Net sales. Net sales for first nine months of fiscal 2011 increased by 2%, or $3.8 million to $159.5 million from $155.8 million in the first nine months of the prior year. The growth in net sales was primarily attributable to increased unit sales of LC Beads, Nanoknife products, Venacure EVLT procedure kits, vascular access ports and micro access sets offset by an aggregate decrease in average selling prices of 3% and decreased unit sales of dialysis products, Benephit renal infusion products, Habib resection devices and Angiographic catheters.
From a reportable segment perspective, Vascular sales decreased 3% to $111.8 million from $115.6 million. This decrease is primarily attributable to 5% lower average selling prices of Vascular products and decreased unit sales of dialysis products, Benephit renal infusion products and Angiographic catheters, partially offset by increased unit sales of vascular access ports, Venacure EVLT procedure kits, and micro access sets. Oncology/Surgery sales were $47.8 million, an increase of 19% over the prior year primarily as a result of increased unit sales of our LC Beads and Nanoknife products and a 3% increase in average selling prices, partially offset by decreased unit sales of Habib resection devices. Nanoknife sales totaled $4.6 million in the first nine months of fiscal 2011.
From a geographic perspective, U.S. sales increased $1.7 million or 1% in the first nine months of fiscal 2011 to $140.5 million from $138.8 million a year ago. This increase is primarily attributable to increased unit sales of LC Beads and Nanoknife products offset by a 3% decrease in average selling prices and decreased unit sales of dialysis products, Benephit renal infusion products, Habib resection devices and Angiographic catheters. International sales were $19.0 million in the nine month period ended February 28, 2011, an increase of 12% from $17.0 million in the same period of fiscal 2010. On a constant currency, international sales increased 14% over the prior year period. Increased unit sales of RF Ablation and Nanoknife products comprised the majority of this increase and was partially offset by a decrease in unit sales of VenaCure EVLT products.
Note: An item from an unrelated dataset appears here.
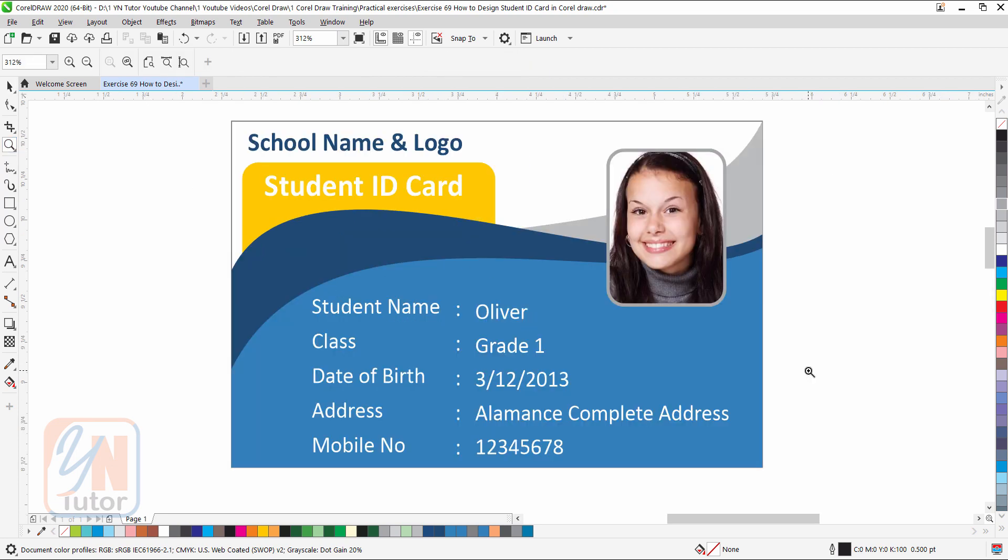This is how we created this beautiful student ID card using rectangle and shape tool. As you can see in the card we have different fields. In the next lesson we are going to learn how to create bulk of ID cards by using Excel data sheet. And we will use print merge feature in CorelDRAW. That's all for now. I hope you enjoy this lesson and try to practice.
Gross profit. Our gross profit as a percentage of sales was 58.5% in the first nine months of fiscal 2011 compared with 59.1% for the same period in the prior year. In addition to the volume changes described above, the decrease in gross profit percentage was also attributable to 5% lower average selling prices for Vascular products, partially offset by 3% higher average selling prices for Oncology/Surgery products, or a net 3% lower average selling prices in the aggregate.
Research and development expenses. R&D expenses increased by $1.9 million, or 14%, to $15.8 million in the nine month period ended February 28, 2011 compared to the same period in the prior year. The increase is primarily due to increased development, clinical and regulatory expenses for our Oncology/Surgery products and increased process engineering costs for our Vascular products. As a percentage of net sales, R&D expenses were 9.9% for the nine month period ended February 28, 2011, compared with 8.9% for the same prior year period.
Sales and marketing expenses. S&M expenses decreased $1.6 million or 4% to $42.8 million in the first nine months of fiscal 2011 compared to the same period a year ago. This decrease is primarily due to lower marketing costs in the U.S. As a percentage of net sales, S&M expenses were 26.8% for the first nine months of fiscal 2011, compared with 28.5% for the prior year period.
General and administrative expenses. G&A expenses increased $1.7 million, or 14%, to $13.9 million in the first nine months of fiscal 2011 compared to the same period in the prior year due primarily to $772 thousand in severance and restructuring costs, increased costs associated with the Latham, NY facility, expansion of our business development function and to personnel and other infrastructure costs to support our growth. G&A expenses increased to 8.7% of net sales compared with 7.8% in the prior year period.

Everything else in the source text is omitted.